Being manic can have it's draw backs. Last night I experienced one. We were sitting outside having a good time with our neighbors and we came in a little late. I was still wide awake when I did my post last night. I started to feel myself wind down and Master wanted me to get some sleep anyway since I had to drive in the morning to go to work.
Well, I was in bed a little before midnight. It was almost 2am by the time I drifted off. I didn't get out of bed. It was tempting, but I knew if I did that I would never get any sleep and Master would have told me to go right back to bed anyway.
The problem was that it didn't really feel like sleeping. It was more that half asleep half awake feeling. I woke up many times as the night went on. I remember Master coming to bed and I remember tossing and turning. I also remember just laying there with my eyes closed but feeling like I couldn't get comfortable. I didn't want to move though.
I thought that if I moved I would just wake up more. At about 5am I looked at the clock. My alarm was going to go off in about an hour and a half. I sighed and looked over at Master. I like watching Him sleep. I know that He knew I wasn't sleeping well. He would roll over and put His arm around me when I would mumble and try to get comfortable again. Having Him next to me always makes me feel better. I would fall asleep for a little while when I felt His arm go around me.
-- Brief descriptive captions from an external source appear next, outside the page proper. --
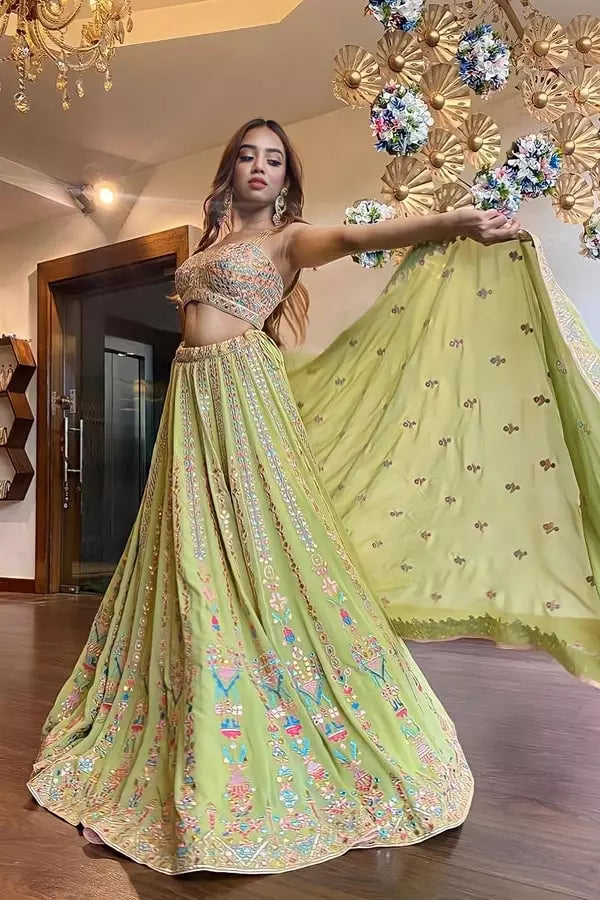 Lime Green Chaniya Choli Design For Wedding - Anaya Designer Studio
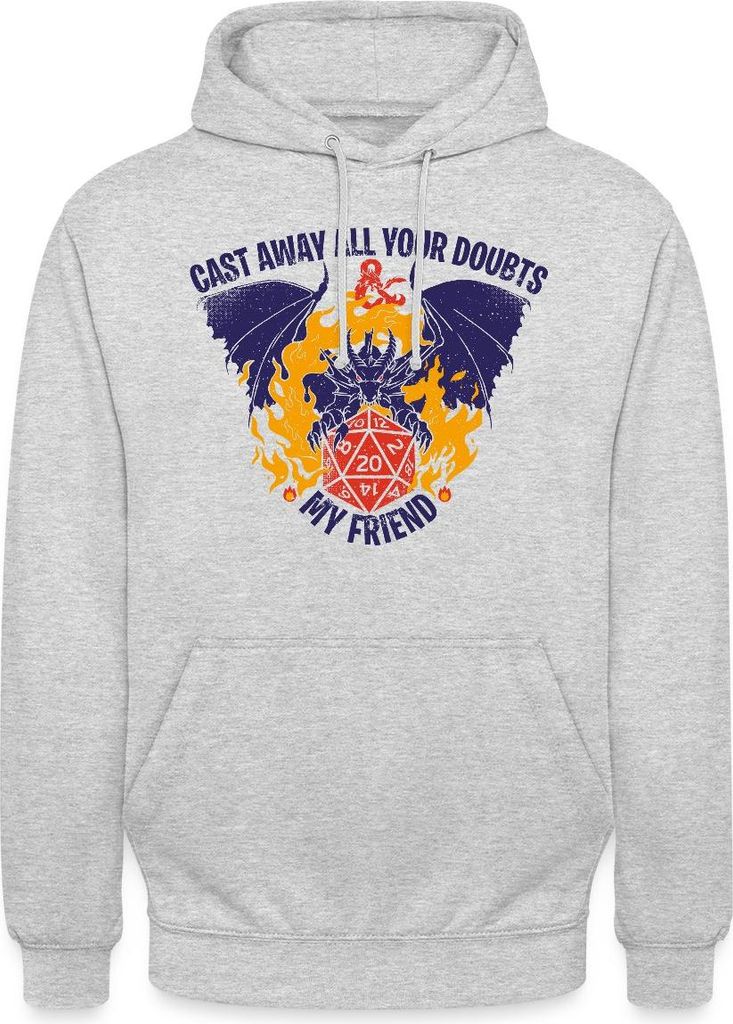 Spreadshirt Dungeons And Dragons Höllenfeuer Drache D20 Würfel Uni Hoodie, L, Hellgrau meliert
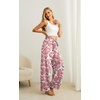 image:imageIWOLLENCE Women High Waist Palazzo Pants Adjustable Knot Ankle Wide Leg Trousers Pockets Beach Vacation Lounge Office32 Pink Fan Flower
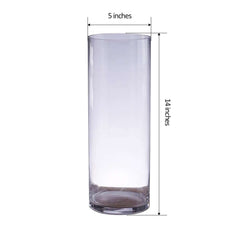 6-Pack Glass Flower Vases Cylinder Design Heavy Duty Clear - Stylish Centerpieces for Weddings 14"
But when I looked at the clock when it hit 5am I basically just laid there until my alarm went off. I dozed on and off but never fell fully asleep.
The alarm went off. I got up and got ready for work. I took the dog out and left Master my morning note. In the note I told Him that I hadn't sleep well but that I was okay to drive.
Surprisingly I'm not tired. That may change as the night goes on but right now I'm okay.